Projeto que reserva vagas para negros no serviço público e nas universidades é bem recebido



Em audiência pública realizada nesta quarta-feira (3) na Comissão de Constituição, Justiça e Cidadania (CCJ), várias autoridades foram unânimes na defesa de políticas de ação afirmativa como forma de compensar a exclusão social a que os negros foram submetidos no Brasil, desde o período colonial. A audiência foi realizada para instruir o projeto de lei do senador José Sarney (PMDB-AP) que institui cotas para negros nas vagas abertas no serviço público, nas universidades públicas e nos contratos do crédito educativo.

O presidente do Instituto de Pesquisa Econômica Aplicada (Ipea), Roberto Borges Martins, apresentou indicadores que apontam a existência de profundas desigualdades sociais, desfavoráveis aos negros. Ele também revelou que a melhoria em índices sociais como a escolaridade, por meio de políticas públicas universais bem implementadas, não têm levado a uma convergência entre os indicadores de brancos e negros. Como exemplo, ele relatou que a redução do trabalho infantil tem sido maior entre crianças brancas que entre os negros.

- Existem evidências da necessidade de políticas de ação afirmativa. É preciso dar tratamento desigual a quem tem condições desiguais. A livre ação das forças de mercado não está corrigindo as desigualdades.

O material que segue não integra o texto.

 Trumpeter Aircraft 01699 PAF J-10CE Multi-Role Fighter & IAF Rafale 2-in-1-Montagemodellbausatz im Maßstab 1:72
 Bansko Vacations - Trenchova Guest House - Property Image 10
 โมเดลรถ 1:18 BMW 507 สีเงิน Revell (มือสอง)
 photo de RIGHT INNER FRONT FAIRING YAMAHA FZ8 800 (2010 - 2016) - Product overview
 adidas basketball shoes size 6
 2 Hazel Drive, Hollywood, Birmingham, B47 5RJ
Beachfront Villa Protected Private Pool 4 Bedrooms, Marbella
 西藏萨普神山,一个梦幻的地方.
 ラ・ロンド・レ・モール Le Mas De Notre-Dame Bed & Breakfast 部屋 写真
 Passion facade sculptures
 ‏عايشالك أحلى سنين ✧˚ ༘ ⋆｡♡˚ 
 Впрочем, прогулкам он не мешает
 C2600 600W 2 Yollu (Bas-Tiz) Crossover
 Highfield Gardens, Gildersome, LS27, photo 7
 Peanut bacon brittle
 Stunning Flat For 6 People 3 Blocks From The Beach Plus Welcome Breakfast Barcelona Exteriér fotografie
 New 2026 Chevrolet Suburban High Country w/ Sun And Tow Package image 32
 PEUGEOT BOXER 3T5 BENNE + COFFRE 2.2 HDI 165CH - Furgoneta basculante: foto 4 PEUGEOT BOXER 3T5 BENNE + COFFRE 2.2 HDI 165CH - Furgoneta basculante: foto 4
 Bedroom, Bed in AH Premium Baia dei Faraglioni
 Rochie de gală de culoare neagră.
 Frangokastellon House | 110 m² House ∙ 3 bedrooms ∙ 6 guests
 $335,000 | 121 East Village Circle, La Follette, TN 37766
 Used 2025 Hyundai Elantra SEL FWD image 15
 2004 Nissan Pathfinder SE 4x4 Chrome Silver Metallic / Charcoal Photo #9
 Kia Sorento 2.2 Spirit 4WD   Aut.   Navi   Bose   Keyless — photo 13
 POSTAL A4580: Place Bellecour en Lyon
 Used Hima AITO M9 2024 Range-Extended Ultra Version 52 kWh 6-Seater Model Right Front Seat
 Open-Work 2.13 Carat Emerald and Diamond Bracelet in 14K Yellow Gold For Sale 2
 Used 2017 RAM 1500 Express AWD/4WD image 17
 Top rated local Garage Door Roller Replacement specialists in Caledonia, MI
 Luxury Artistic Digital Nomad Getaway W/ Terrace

Precisamos propor políticas para que as injustiças herdadas do passado sejam superadas - disse o presidente do Ipea.

Ele afirmou ainda que, apesar de os Estados Unidos e a África do Sul, por exemplo, demonstrarem mais expressões de segregação e ódio racial que o Brasil, nesses países as desigualdades sócio-econômicas entre brancos e negros não são tão grandes como aqui.

O presidente do Ipea, que é um especialista no assunto, rebateu o argumento de que a definição de uma cota para um segmento da população é inconstitucional, já que a reserva de vagas para deficientes, por exemplo, já está implantada. Ele lembrou ainda que nos colégios militares é dada preferência nas matrículas para os filhos de militares.

Para não deixar dúvidas de que existe racismo e discriminação no Brasil, o presidente da Fundação Cultural Palmares, Carlos Moura, afirmou que o fato de não serem encontrados negros na mesma proporção da população entre os parlamentares, nos altos escalões do governo e das Forças Armadas, em universidades e na Igreja católica, por exemplo, são "manifestações odiosas".

- Sem a inclusão dos negros, a nossa democracia não estará completamente efetivada - afirmou Carlos Moura.

Na mesma linha, a representante do Instituto Axé Ilê Obá, de São Paulo, Mãe Sylvia de Oxalá, disse que os descendentes de africanos sofrem diversos tipos de discriminação, inclusive nas escolas, onde os livros didáticos apresentam os negros e sua cultura de maneira distorcida.

- Na escravidão, nações foram divididas e a comunicação entre os próprios negros era impedida. Fomos heróis, pois, apesar do desastre de 400 anos de escravidão, sobrevivemos e mantivemos nossas tradições. Existe preconceito, sim, e existem situações odiosas. A criação de cotas de ação afirmativa seria simplesmente uma forma de ressarcimento aos negros - disse.

A secretária-executiva da Comunidade dos Países de Língua Portuguesa, Dulce Pereira, afirmou que a aprovação de uma lei chega com pelo menos cem anos de atraso, mas é um passo importante para que "as perversidades cometidas contra os negros no passado, principalmente na República, sejam reparadas". Ela ressaltou que, ao oferecer oportunidades aos negros, o Brasil sairá ganhando, inclusive, economicamente.

O diretor do Fundo de Financiamento ao Estudante de Ensino Superior (Fies), Aurélio Hauschild, que participou da audiência pública representando o Ministério da Educação, sugeriu que, além da reserva de contratos de financiamento para estudantes negros, o projeto de lei garanta também cotas das bolsas de estudos que as entidades educacionais filantrópicas são obrigadas a conceder, de acordo com a lei do Fies, sancionada em julho deste ano.

A proposta foi bem recebida pelos demais participantes da reunião e o relator indicou que deve incluir o dispositivo entre as alterações a serem sugeridas ao projeto. Hauschild declarou ainda que o Ministério da Educação vê o projeto com simpatia e, em caso de aprovação, vai tratar de regulamentar a lei o mais rapidamente possível, e com todo cuidado, com base em experiências já existentes em outros países.